Records for the task |
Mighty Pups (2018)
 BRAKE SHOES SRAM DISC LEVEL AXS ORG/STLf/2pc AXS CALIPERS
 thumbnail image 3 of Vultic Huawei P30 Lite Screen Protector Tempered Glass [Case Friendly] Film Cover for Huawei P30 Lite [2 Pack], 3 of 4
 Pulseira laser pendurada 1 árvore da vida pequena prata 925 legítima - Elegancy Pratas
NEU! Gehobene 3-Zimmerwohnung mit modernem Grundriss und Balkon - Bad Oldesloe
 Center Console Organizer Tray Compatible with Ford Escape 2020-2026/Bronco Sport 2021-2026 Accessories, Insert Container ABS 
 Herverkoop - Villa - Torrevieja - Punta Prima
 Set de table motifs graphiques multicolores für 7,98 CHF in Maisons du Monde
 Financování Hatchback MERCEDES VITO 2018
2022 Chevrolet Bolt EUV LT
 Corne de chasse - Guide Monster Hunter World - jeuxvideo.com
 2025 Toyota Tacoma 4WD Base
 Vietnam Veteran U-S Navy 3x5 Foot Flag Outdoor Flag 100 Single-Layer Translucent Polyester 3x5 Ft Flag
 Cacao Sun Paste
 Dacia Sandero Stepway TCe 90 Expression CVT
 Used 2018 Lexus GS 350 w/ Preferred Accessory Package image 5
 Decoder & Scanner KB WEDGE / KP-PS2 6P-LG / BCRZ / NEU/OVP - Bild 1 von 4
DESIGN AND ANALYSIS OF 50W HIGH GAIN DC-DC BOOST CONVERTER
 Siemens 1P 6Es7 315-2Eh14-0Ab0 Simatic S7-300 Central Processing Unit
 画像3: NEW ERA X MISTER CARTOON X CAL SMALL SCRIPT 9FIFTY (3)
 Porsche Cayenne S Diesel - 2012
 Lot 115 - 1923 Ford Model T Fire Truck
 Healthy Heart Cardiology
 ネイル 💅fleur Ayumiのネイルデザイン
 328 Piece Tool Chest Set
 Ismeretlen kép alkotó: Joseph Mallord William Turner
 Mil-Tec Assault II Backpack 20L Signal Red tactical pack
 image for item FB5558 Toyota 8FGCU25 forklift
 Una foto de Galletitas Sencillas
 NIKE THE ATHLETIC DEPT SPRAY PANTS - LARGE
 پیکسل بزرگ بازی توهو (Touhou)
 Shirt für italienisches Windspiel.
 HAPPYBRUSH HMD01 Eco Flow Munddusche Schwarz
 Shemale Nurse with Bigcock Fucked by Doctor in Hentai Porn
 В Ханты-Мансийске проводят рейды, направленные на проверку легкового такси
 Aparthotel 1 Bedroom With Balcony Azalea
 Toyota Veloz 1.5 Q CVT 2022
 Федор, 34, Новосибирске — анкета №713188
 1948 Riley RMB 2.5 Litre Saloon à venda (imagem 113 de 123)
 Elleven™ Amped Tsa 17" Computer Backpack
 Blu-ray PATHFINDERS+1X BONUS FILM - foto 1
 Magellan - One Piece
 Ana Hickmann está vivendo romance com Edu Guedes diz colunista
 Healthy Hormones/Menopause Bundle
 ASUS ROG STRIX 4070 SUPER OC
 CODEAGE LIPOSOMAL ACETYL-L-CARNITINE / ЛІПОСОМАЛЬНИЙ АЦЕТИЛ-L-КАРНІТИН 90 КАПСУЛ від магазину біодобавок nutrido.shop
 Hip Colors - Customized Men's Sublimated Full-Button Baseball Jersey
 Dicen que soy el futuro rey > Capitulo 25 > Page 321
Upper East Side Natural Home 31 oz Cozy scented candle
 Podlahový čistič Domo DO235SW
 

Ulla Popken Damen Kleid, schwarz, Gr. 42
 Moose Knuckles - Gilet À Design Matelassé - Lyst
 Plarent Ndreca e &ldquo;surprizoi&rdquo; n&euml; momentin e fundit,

Prompt | Take every line in the preceding listing that contains "Ford" and copy it.

Task response |
 Center Console Organizer Tray Compatible with Ford Escape 2020-2026/Bronco Sport 2021-2026 Accessories, Insert Container ABS 
 Lot 115 - 1923 Ford Model T Fire Truck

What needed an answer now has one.